DATA IN THIS EXERCISE:
◆ ◆ ◆

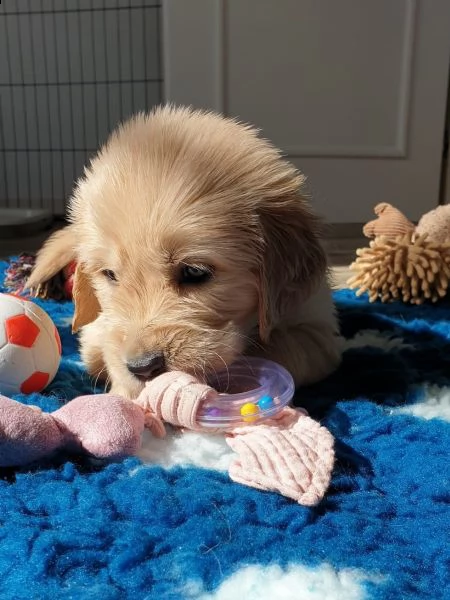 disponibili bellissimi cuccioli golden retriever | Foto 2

◆ ◆ ◆

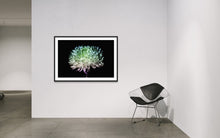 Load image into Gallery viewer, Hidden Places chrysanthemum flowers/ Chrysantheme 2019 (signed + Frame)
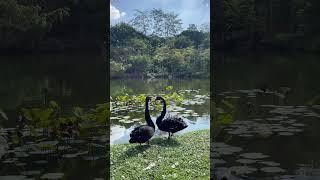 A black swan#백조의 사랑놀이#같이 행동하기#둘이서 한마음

◆ ◆ ◆

WHAT IS NEEDED: From the records above, copy exactly the stretch from the line holding "Load image into" through the line holding "A black swan#백조의 사랑놀이#같이 행동하기#둘이서 한마음", both ends included, without the pictures.

RESULT OF THE TASK:
 Load image into Gallery viewer, Hidden Places chrysanthemum flowers/ Chrysantheme 2019 (signed + Frame)
 A black swan#백조의 사랑놀이#같이 행동하기#둘이서 한마음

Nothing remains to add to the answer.